[[ MATERIAL PROVIDED open ]]

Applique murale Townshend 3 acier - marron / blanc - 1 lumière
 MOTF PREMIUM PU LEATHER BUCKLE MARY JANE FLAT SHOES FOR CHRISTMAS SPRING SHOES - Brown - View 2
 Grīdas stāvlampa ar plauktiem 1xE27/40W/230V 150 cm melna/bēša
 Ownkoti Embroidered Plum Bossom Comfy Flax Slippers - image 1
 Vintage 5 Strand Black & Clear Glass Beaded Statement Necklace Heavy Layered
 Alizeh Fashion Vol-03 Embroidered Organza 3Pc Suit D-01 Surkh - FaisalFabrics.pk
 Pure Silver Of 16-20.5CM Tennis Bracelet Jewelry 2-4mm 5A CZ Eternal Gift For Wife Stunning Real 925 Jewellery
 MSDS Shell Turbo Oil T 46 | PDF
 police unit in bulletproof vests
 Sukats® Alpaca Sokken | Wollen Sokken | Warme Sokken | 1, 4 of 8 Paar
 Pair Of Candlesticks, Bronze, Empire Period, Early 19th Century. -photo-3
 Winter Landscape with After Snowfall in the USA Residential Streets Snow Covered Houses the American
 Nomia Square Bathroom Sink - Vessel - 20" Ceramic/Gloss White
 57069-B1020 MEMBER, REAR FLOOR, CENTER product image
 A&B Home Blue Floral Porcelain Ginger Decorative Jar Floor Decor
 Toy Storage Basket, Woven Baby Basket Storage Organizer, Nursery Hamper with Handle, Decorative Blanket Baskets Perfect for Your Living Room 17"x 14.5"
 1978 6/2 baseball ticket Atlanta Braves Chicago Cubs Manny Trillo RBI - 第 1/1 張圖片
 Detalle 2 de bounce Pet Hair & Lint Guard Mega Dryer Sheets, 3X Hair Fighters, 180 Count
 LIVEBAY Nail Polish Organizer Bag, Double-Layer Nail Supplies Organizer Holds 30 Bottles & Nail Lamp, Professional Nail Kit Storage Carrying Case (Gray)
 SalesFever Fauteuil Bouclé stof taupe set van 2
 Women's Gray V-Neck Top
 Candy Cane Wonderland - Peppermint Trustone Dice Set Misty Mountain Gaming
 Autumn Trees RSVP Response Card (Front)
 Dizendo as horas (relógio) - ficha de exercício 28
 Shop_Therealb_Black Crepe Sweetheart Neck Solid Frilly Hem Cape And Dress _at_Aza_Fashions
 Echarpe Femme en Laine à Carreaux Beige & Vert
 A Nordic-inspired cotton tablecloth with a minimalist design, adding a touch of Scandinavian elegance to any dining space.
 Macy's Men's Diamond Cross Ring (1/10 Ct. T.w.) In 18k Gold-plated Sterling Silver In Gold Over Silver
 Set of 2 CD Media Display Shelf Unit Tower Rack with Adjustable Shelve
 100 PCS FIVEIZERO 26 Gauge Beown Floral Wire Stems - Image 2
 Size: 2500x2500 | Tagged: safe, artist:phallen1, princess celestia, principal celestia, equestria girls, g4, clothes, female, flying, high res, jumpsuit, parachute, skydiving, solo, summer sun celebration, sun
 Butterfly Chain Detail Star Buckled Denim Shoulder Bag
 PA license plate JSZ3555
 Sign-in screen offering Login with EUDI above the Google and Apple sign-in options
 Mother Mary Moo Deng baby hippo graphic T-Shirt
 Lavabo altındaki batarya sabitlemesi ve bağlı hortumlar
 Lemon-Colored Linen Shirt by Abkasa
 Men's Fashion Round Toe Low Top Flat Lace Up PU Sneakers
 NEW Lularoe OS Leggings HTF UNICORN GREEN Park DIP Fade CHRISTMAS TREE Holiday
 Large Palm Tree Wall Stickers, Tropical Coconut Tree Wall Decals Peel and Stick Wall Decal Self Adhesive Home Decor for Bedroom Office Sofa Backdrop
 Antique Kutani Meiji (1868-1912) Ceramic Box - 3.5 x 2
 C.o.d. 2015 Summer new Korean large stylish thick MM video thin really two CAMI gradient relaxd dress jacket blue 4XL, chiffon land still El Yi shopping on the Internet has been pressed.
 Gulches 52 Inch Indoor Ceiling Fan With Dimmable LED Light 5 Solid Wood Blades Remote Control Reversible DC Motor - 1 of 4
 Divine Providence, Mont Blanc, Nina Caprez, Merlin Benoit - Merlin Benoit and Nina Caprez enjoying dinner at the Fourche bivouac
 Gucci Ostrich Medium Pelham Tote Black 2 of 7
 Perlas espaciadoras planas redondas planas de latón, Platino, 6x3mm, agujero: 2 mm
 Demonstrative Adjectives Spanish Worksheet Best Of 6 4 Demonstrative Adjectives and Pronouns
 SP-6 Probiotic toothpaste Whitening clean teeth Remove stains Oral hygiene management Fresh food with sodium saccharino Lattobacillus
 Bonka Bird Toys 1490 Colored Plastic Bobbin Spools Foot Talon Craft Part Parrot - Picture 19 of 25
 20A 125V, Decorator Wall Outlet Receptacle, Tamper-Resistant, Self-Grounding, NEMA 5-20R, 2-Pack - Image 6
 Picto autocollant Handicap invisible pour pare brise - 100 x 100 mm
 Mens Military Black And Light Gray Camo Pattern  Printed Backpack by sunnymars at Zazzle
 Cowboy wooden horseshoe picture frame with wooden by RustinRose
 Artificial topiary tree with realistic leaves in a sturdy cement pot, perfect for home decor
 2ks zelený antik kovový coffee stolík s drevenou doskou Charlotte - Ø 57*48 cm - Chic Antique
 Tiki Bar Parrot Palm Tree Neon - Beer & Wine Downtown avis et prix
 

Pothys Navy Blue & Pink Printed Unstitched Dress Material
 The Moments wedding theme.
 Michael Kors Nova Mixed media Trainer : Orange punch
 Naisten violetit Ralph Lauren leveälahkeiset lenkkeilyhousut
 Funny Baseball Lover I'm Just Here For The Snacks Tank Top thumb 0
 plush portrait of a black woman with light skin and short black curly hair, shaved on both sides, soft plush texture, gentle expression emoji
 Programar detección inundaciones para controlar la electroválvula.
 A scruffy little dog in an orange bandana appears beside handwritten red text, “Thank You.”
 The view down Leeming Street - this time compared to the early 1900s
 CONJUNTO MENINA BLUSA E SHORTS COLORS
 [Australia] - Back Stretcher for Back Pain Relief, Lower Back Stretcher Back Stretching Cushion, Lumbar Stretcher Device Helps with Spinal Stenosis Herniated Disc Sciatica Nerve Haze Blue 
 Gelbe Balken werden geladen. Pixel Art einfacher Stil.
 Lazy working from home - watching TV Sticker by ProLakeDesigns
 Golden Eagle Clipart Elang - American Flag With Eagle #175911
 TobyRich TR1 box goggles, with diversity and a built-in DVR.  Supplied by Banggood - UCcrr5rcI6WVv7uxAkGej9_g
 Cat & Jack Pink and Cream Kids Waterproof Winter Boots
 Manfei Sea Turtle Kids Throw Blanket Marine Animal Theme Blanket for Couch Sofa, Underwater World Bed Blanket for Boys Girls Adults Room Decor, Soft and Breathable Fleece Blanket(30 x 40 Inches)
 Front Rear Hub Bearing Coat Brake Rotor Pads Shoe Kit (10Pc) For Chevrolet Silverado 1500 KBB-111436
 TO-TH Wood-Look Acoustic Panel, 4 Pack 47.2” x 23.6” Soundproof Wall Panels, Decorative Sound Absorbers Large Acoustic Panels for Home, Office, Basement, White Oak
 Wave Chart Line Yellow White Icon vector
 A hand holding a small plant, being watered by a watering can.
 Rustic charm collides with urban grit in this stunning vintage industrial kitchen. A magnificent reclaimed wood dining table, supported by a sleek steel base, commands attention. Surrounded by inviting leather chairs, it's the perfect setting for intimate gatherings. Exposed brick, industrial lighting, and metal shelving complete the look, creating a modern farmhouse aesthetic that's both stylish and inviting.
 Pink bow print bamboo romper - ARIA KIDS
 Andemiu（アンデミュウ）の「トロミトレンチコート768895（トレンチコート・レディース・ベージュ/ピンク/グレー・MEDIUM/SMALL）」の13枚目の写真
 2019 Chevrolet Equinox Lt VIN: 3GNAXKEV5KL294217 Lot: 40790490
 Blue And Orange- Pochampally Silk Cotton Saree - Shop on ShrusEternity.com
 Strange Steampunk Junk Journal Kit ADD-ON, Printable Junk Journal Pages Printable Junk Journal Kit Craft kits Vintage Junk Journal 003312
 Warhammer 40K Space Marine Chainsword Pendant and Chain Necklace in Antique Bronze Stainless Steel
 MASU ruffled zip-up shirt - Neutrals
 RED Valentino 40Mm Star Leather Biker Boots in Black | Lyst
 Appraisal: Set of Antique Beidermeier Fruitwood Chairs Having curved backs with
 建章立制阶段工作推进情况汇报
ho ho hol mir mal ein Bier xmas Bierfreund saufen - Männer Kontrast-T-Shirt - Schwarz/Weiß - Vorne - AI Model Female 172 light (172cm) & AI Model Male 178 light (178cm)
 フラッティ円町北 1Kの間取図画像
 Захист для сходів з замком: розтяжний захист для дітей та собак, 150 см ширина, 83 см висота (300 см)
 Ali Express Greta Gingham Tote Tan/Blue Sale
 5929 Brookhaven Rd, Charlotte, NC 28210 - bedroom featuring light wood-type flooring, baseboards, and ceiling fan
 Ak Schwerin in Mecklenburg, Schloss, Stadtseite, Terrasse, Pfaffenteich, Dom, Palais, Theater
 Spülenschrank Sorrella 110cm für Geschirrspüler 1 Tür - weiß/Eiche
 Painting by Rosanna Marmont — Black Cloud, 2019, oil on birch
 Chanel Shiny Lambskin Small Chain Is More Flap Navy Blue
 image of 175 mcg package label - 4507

[[ MATERIAL PROVIDED closed ]]

● TO DO
Transcribe each line of the data above, unaltered, from the one where "A hand holding" appears to the one where "建章立制阶段工作推进情况汇报" appears, inclusive of both.

● ANSWER TO THE PROBLEM
 A hand holding a small plant, being watered by a watering can.
 Rustic charm collides with urban grit in this stunning vintage industrial kitchen. A magnificent reclaimed wood dining table, supported by a sleek steel base, commands attention. Surrounded by inviting leather chairs, it's the perfect setting for intimate gatherings. Exposed brick, industrial lighting, and metal shelving complete the look, creating a modern farmhouse aesthetic that's both stylish and inviting.
 Pink bow print bamboo romper - ARIA KIDS
 Andemiu（アンデミュウ）の「トロミトレンチコート768895（トレンチコート・レディース・ベージュ/ピンク/グレー・MEDIUM/SMALL）」の13枚目の写真
 2019 Chevrolet Equinox Lt VIN: 3GNAXKEV5KL294217 Lot: 40790490
 Blue And Orange- Pochampally Silk Cotton Saree - Shop on ShrusEternity.com
 Strange Steampunk Junk Journal Kit ADD-ON, Printable Junk Journal Pages Printable Junk Journal Kit Craft kits Vintage Junk Journal 003312
 Warhammer 40K Space Marine Chainsword Pendant and Chain Necklace in Antique Bronze Stainless Steel
 MASU ruffled zip-up shirt - Neutrals
 RED Valentino 40Mm Star Leather Biker Boots in Black | Lyst
 Appraisal: Set of Antique Beidermeier Fruitwood Chairs Having curved backs with
 建章立制阶段工作推进情况汇报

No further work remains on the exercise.